Copy the data verbatim and leave out every picture.

[SOURCE MATERIAL — start]

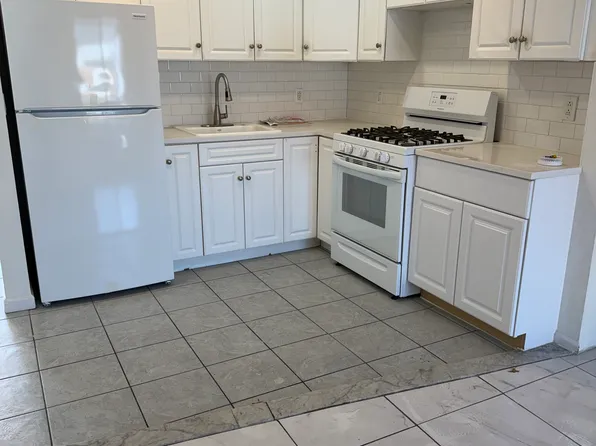 87-06 Queens Boulevard image 10 of 12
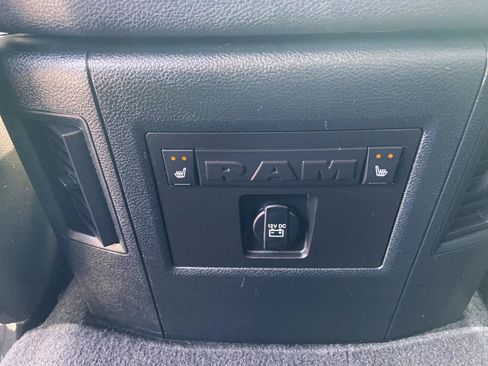 Used 2017 RAM 2500 Laramie AWD/4WD image 14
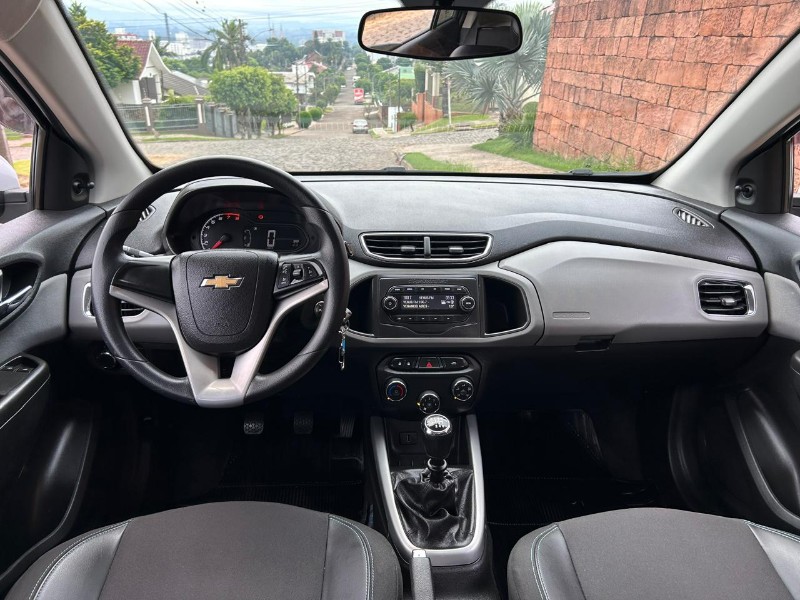 CHEVROLET ONIX HATCH LT 1.0 8V FLEXPOWER 5P MEC. 2019/2019 LS MULTIMARCAS VENÂNCIO AIRES / Carros no Vale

[SOURCE MATERIAL — finish]

WRITTEN SOLUTION —
 87-06 Queens Boulevard image 10 of 12
 Used 2017 RAM 2500 Laramie AWD/4WD image 14
 CHEVROLET ONIX HATCH LT 1.0 8V FLEXPOWER 5P MEC. 2019/2019 LS MULTIMARCAS VENÂNCIO AIRES / Carros no Vale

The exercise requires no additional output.